### Records
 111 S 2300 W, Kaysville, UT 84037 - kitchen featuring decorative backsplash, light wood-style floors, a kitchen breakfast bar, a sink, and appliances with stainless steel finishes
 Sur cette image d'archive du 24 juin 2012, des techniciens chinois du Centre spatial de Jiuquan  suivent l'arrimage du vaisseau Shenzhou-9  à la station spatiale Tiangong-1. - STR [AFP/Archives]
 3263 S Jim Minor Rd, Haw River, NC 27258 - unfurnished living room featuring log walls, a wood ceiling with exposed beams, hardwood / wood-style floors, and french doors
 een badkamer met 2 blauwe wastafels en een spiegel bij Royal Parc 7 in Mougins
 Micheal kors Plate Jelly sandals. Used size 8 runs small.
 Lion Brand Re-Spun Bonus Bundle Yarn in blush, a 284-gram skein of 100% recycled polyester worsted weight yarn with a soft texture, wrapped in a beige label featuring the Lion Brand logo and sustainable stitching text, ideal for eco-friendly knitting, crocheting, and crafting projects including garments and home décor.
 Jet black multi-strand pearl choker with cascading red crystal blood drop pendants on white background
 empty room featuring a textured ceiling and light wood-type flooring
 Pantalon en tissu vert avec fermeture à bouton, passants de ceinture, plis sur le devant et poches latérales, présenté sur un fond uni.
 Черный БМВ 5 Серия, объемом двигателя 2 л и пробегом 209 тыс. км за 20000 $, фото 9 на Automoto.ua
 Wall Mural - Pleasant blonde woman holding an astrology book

--

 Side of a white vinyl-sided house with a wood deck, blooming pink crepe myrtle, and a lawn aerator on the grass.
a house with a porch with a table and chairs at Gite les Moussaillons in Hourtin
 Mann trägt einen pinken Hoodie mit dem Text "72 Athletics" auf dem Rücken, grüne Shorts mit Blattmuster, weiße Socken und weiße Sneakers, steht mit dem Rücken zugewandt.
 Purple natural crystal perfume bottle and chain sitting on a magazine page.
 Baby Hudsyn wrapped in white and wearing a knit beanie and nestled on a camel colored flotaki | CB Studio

* * *

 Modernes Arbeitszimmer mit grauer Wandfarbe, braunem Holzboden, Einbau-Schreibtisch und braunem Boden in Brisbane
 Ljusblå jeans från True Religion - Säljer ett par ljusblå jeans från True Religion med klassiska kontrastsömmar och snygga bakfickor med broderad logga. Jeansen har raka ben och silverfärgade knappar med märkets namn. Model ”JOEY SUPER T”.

### Exercise
Each line holding the word "room" must be pulled from the records.

### Worked solution
 3263 S Jim Minor Rd, Haw River, NC 27258 - unfurnished living room featuring log walls, a wood ceiling with exposed beams, hardwood / wood-style floors, and french doors
 empty room featuring a textured ceiling and light wood-type flooring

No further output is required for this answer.